Mountain View, California - The next step in crazy-fast computing is here, now that Facebook/Meta has a new supercomputer that is all about making artificial intelligence better and faster.
Facebook/Meta launched its newly built Artificial Intelligence Research SuperCluster (RSC), along with plans to make it the fastest supercomputer in the world by mid-2022.
Meta's new machine is already blisteringly quick, running 20 times faster than the company's older technologies, and by the time this year's upgrades are through, it should be able to crush millions more operations per second than the average smartphone.
The RSC's computing muscle is what you get if you connect 6,080 high-end graphics cards and link them to storage devices that can hold the equivalent of over 500 years of 24/7 full-HD video recording.
And if the absolutely bonkers scale of this supercomputer sounds big now, it gets even better. Meta plans to bump the graphic card number up to 16,000 and increase the storage space to hold exabytes-worth of data – enough space to hold 3,000 Libraries of Congress.
According to the tech giant, that massive scale is necessary for the sheer amount of testing and tasks the RSC is supposed to handle, including learning how to "analyze text, images, and video together" and teaching AI how to better moderate social media.
The supercomputer will also be a testing ground for making new AI systems that can translate another language instantly, which would let people around the world talk to each other in their respective native languages while playing virtual reality games or working together in the "metaverse."
AI moderation concerns
But Meta's plans for the RSC to help with moderation have a couple of problems, according to experts and even Facebook's own internal documents.

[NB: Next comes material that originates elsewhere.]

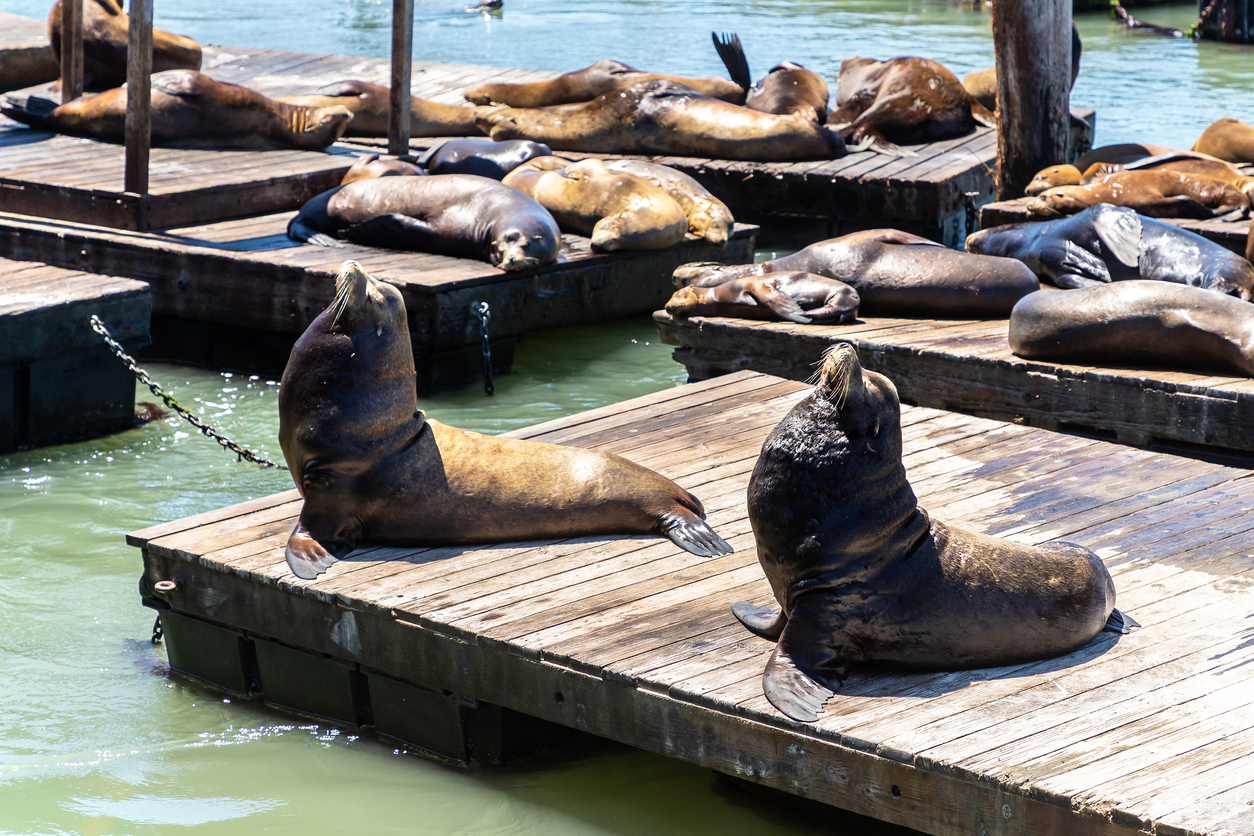 Sea lions-Pier 39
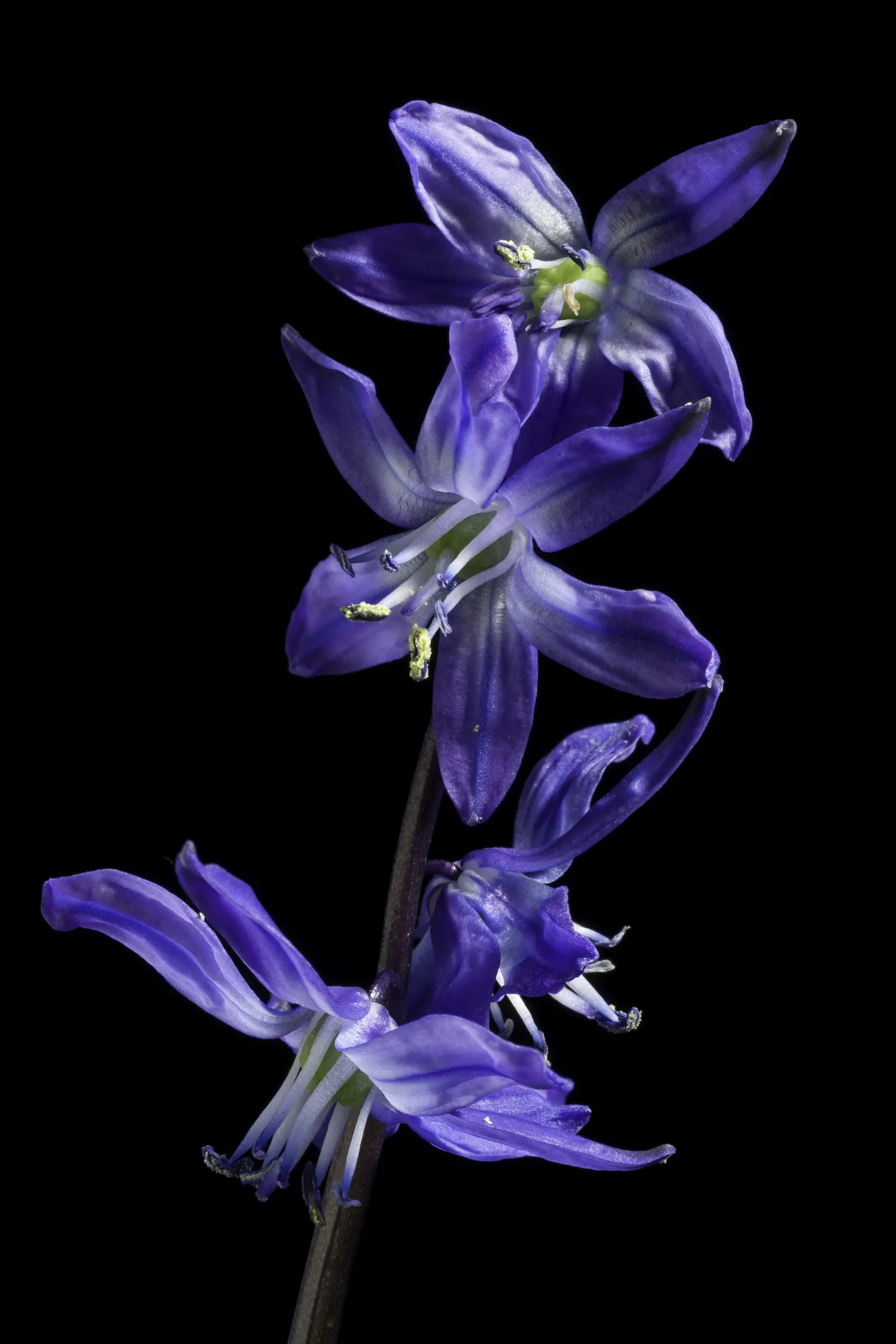 Siberian Squill (Scilla Siberica) — each bulb produces multiple starry blooms nestled amidst slender; bulb / perennial with blue blooms, image 82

Meta AI moderation isn't spread equally across the world, instead focusing heavily on the US, Brazil, and India, according to The Verge's reporting on whistleblower Frances Haugen's leaked FB documents.
Studies also bring up two other big questions: can AI moderation get the job done right every time and is it really the solution to toxic and harmful content?
In 2017, a study from the University of Cornell and Qatar's Computing Research Institute showed that AI moderation doesn't always get the nuances of language, and doesn't correctly identify hate speech 100% of the time, often classifying it as "just" harassment.
A 2020 study from the Transatlantic Working Group on Content Moderation Online and Freedom of Expression also showed that AI can't grasp the full context of what you post online, and still isn't 100% accurate.
The group also raised the concern that AI mods basically operate on the basis of programming choices made by people – with all their natural biases and blind spots.
And even if those issues of inaccuracy and subjectivity were somehow addressed, it still isn't clear that social media platforms should to rely on AI to keep their spaces safe.
Senior Microsoft researcher Tarleton Gillespie, who works on the impacts of social media, released a 2020 paper where he points out that the feedback loop of growing social media use and AI moderation. As platforms grow to unimaginable scales – billions of users – companies increasingly lean on automation to keep this growth going, without ever stopping to consider that this may be exactly what makes good moderation almost impossible.
As Gillespie put it, "Maybe some platforms are simply too big."
Even the computing power of Meta's new behemoth won't be able to answer these questions definitively.